Important sonographic details to note in the first trimester include the number of gestational sacs, the location of the placenta or placentas, the presence and characteristics of the dividing membrane or membranes, amniotic fluid status, the number of yolk sacs and the fetal heart rates.3,5,31 This information helps to determine chorionicity, which is essential for the provider when counseling patients regarding potential complications.32
In 1986, Landy et al33 reported on 1000 first trimester pregnancies with an incidence of twinning of just over 3%. They found approximately 20% of these twin gestations resulted in singleton live births, with or without vaginal bleeding. They called this the “vanishing twin” phenomenon. In a prospective series of 68 twin pregnancies diagnosed with two fetal heartbeats, dichorionic and monochorionic twins diagnosed earlier than 8 weeks were significantly more likely to result in a singleton pregnancy than those diagnosed after 8 weeks.34 Dichorionic twins were more likely to result in one or two viable newborns when compared with similarly aged monochorionic-diamniotic twins (Fig. 8-6).
The prognosis for singletons resulting from a vanishing twin depends on the number of sacs seen initially and the timing of the loss of the co-twin. Dickey et al35 found that 15% of singleton in vitro fertilization (IVF) births began as a higher order gestation. Schieve et al36 noted that the greater the number of fetal hearts seen on an early twin ultrasound examination the greater the subsequent risk of low birth weight for both singletons (such as “vanishing twins”) and twins. Pinborg et al37 reported that of all IVF singletons born, 10.4% resulted from a twin gestation early in pregnancy. In their 624 IVF singletons, who were survivors of a vanishing co-twin identified by sonography in week 8, there was a higher incidence of preterm delivery and infant mortality when compared with 5237 singletons. These complications, however, were gestational age dependent. When they stratified the neonatal outcomes by the time of vanishing as early (< 8 weeks), intermediate (> 8 and < 22 weeks), and late (> 22 weeks), delivery at less than 32 weeks was 1.9%, 5.3%, and 21.4% respectively, and a neonatal intensive care unit stay of greater than 28 days was 8.7%, 15.7%, and 43.8% for early, intermediate, and late losses of a co-twin respectively. Neurodevelopmental disorders were also higher with a loss at a later gestational age with 3.3% early, 8.0% intermediate and 9.7% in the late “vanishing” group. In general, if a twin “vanished” at less than 8 weeks, the pregnancy outcomes were comparable with singletons from early singleton gestations. This highlights the importance of careful and repeated ultrasound examinations in the early stages of pregnancy to correctly diagnose and follow twins. We discuss the “appearing twin” later in this chapter.
Perinatal losses are greater in twin gestations than in singletons.
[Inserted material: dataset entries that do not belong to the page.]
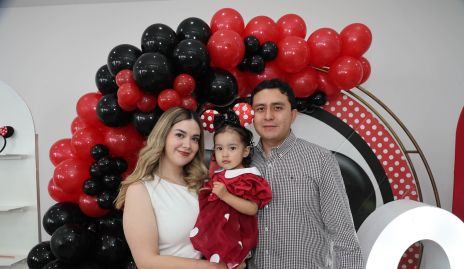  Paola Padilla, Regina y Roberto Juárez.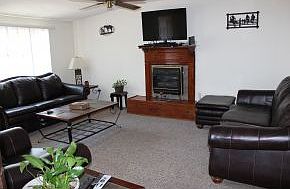 4th image of 2206 Millye St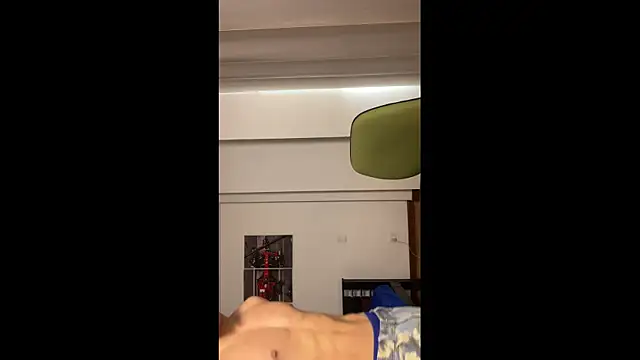 Snapshot of JUSTIN_JHONS chatting on December 15, 4:13 pm JUSTIN JHONS online show from December 15, 4:13 pm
Infant mortality rates in 1999 were more than five times higher at 32.9/1000 for live-born twins compared with 6.2/1000 for live-born singletons in the United States.1 Survival in twins depends on chorionicity, which determines the level of risk for anomalies, growth problems, and prematurity.32 Sebire et al32 reported that cumulative loss rate from 12 weeks to term was approximately 3% for dichorionic and almost 15% for monochorionic twins (Fig. 8-7). The excess losses for monochorionic twins relate to TTTS, prematurity, congenital abnormalities and monoamniotic-monochorionic placentation. Because these losses are more likely to occur between 16 and 22 weeks (see Fig. 8-7), we suggest that ultrasound examinations be performed every 1 to 2 weeks during that time period for known monochorionic-diamnoitic twin gestations to screen for TTTS and, if necessary, to develop a management plan. Figure 8-8 shows an ultrasound of a 21-week twin gestation with a fetal demise of one twin. The head circumference and abdominal circumference of the twin with the demise are much smaller than those of the living twin. Figure 8-9 is a photograph of a fetus papyraceus, or mummified remains of the lost twin found in the folds of the membranes of the placenta after delivery of the surviving twin at 38 weeks.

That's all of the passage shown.